**Input data**

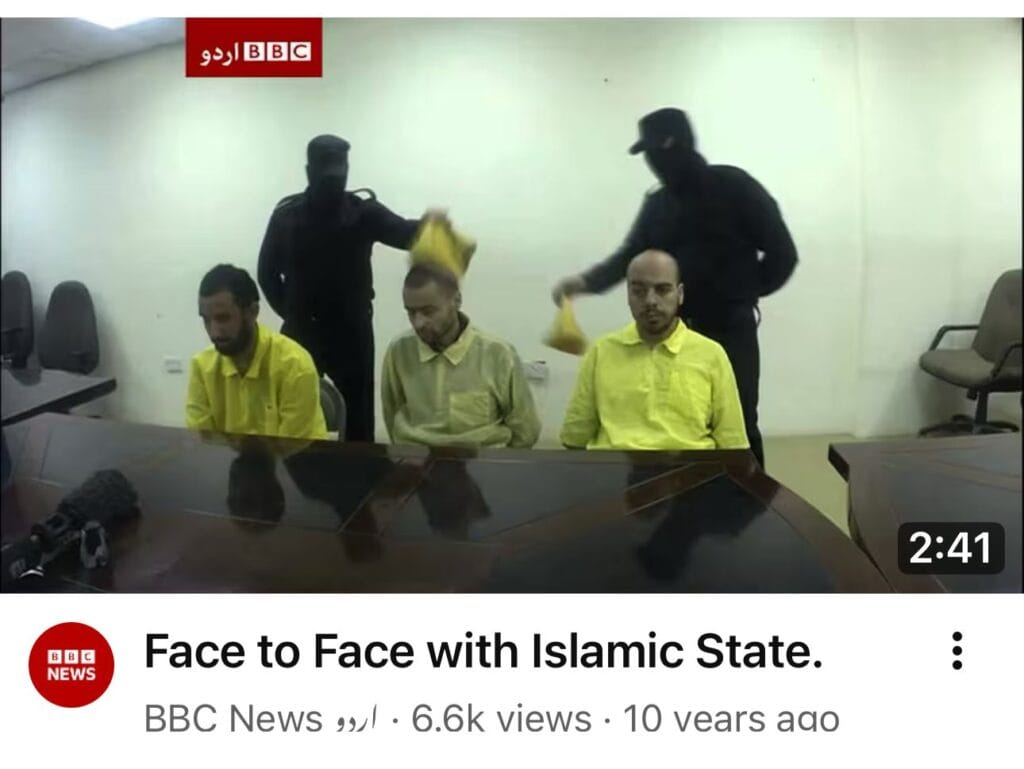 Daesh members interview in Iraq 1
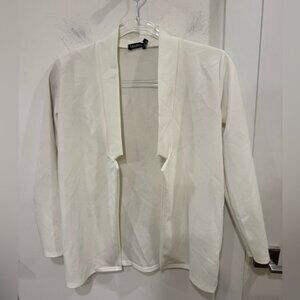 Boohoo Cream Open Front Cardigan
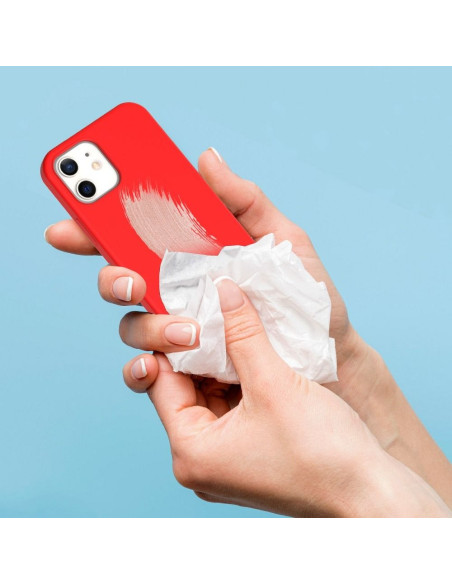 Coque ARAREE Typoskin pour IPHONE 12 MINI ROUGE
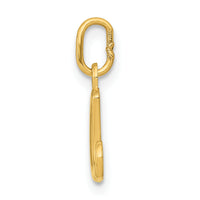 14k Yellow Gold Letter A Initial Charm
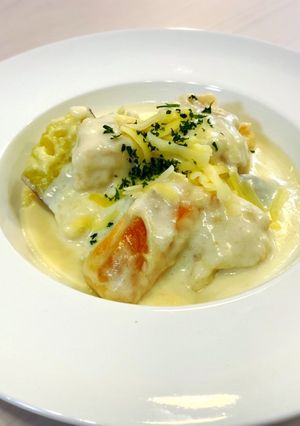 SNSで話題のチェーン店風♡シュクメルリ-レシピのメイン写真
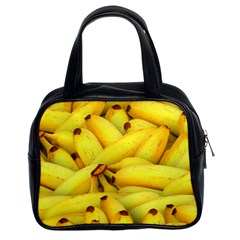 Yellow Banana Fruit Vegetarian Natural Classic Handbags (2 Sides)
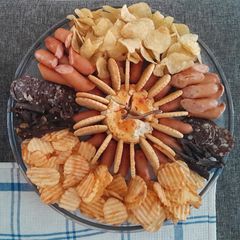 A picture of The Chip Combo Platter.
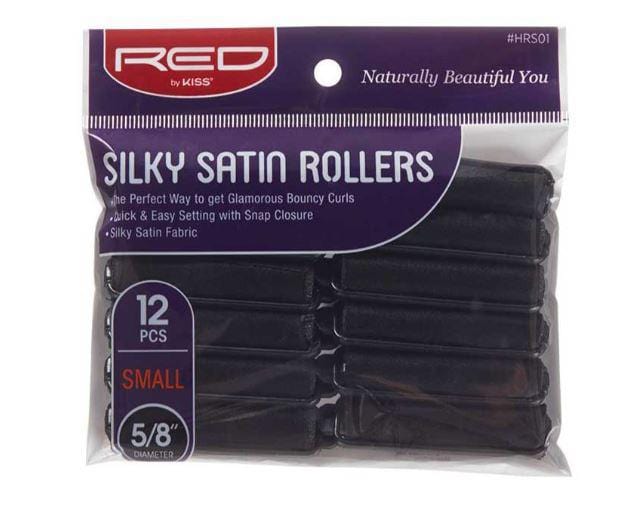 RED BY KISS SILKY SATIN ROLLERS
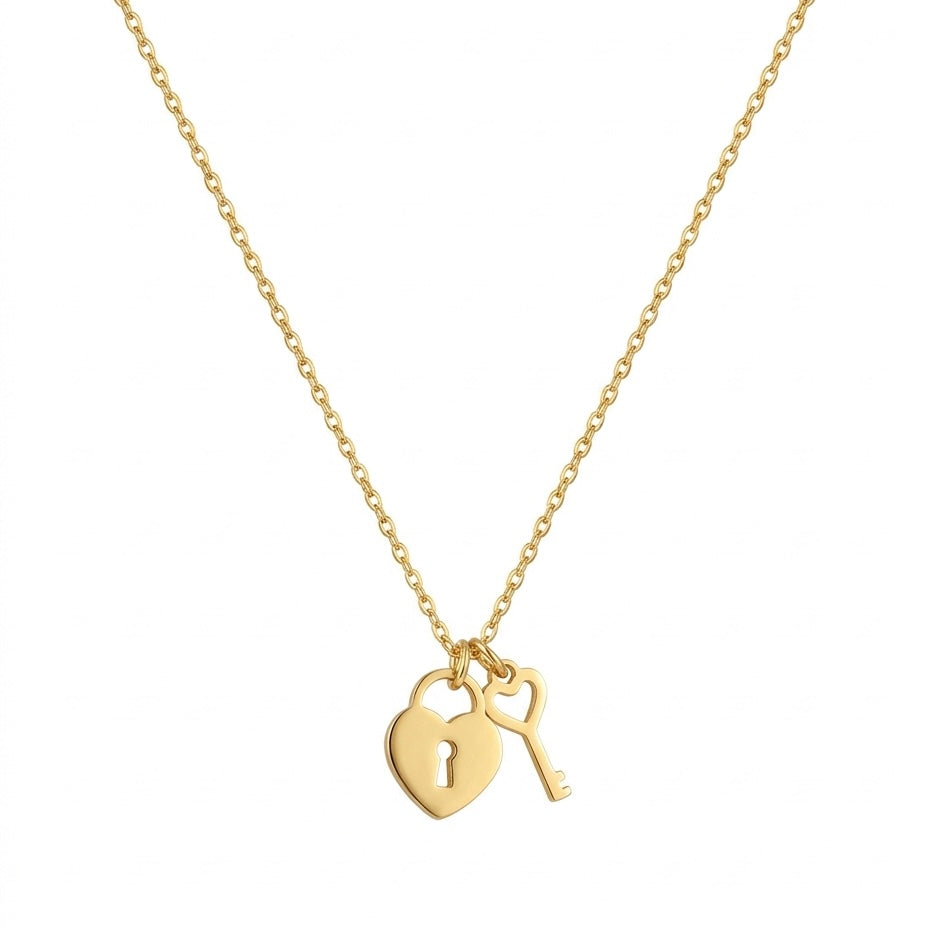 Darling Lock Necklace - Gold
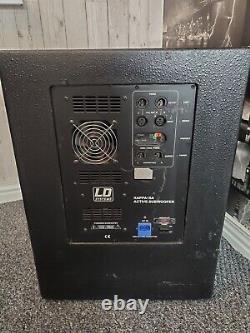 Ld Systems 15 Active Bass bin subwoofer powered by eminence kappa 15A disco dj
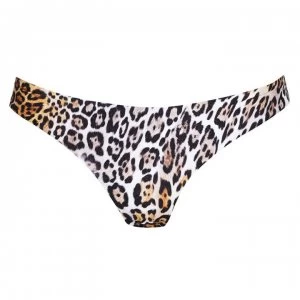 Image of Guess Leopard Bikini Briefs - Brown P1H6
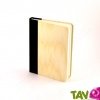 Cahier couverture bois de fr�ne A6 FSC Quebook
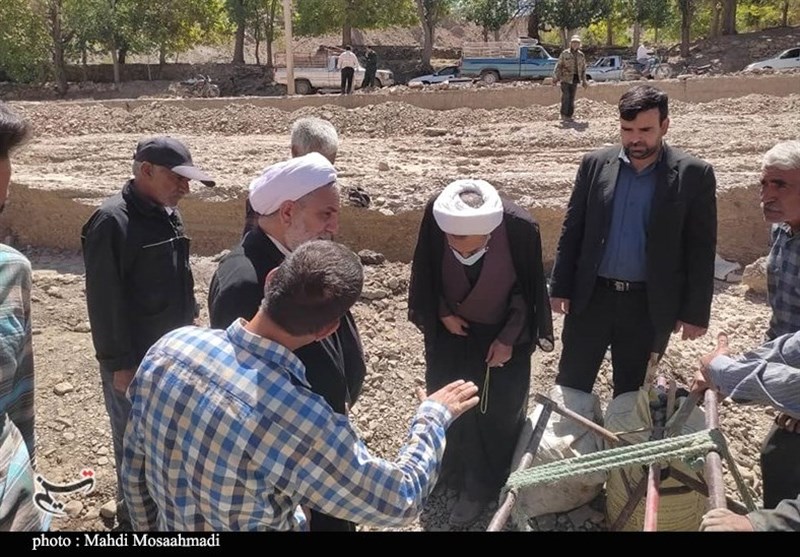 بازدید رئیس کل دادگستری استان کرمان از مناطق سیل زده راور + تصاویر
...
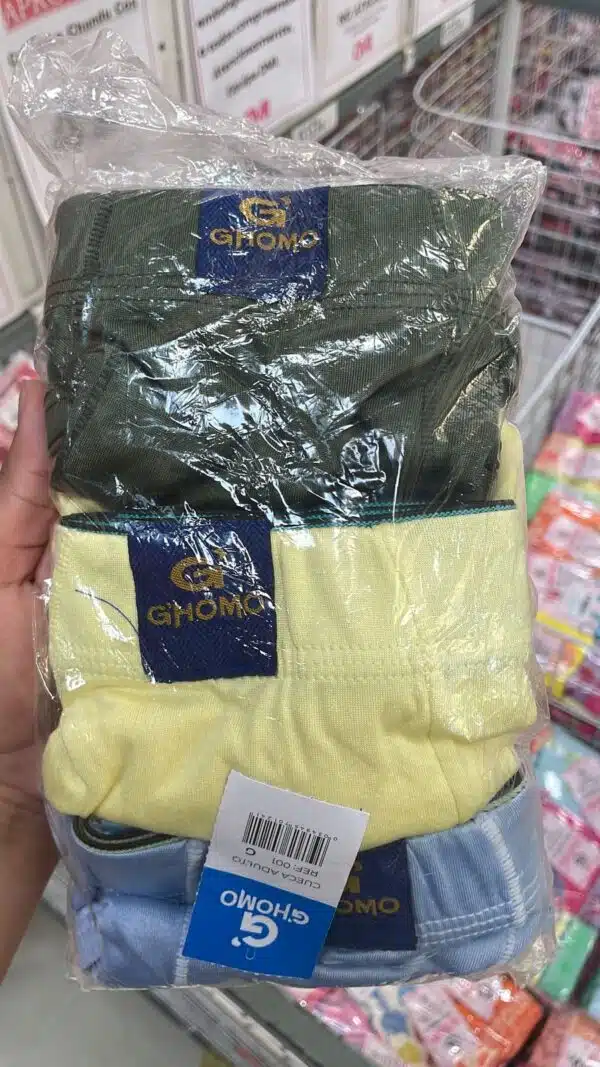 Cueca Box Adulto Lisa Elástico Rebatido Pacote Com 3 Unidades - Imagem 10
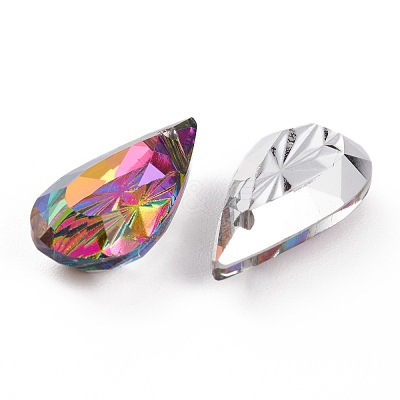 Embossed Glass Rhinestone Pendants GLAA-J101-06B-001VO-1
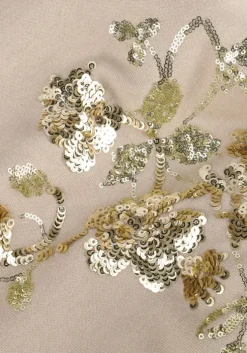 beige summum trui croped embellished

**What you have to do**
Everything from the line with "SNSで話題のチェーン店風♡シュクメルリ-レシピのメイン写真" through the line with "بازدید رئیس کل" in the material above should be transcribed exactly, except the pictures.

**Solution below**
 SNSで話題のチェーン店風♡シュクメルリ-レシピのメイン写真
 Yellow Banana Fruit Vegetarian Natural Classic Handbags (2 Sides)
 A picture of The Chip Combo Platter.
 RED BY KISS SILKY SATIN ROLLERS
 Darling Lock Necklace - Gold
 Ld Systems 15 Active Bass bin subwoofer powered by eminence kappa 15A disco dj
 Image of Guess Leopard Bikini Briefs - Brown P1H6
 Cahier couverture bois de fr�ne A6 FSC Quebook
 بازدید رئیس کل دادگستری استان کرمان از مناطق سیل زده راور + تصاویر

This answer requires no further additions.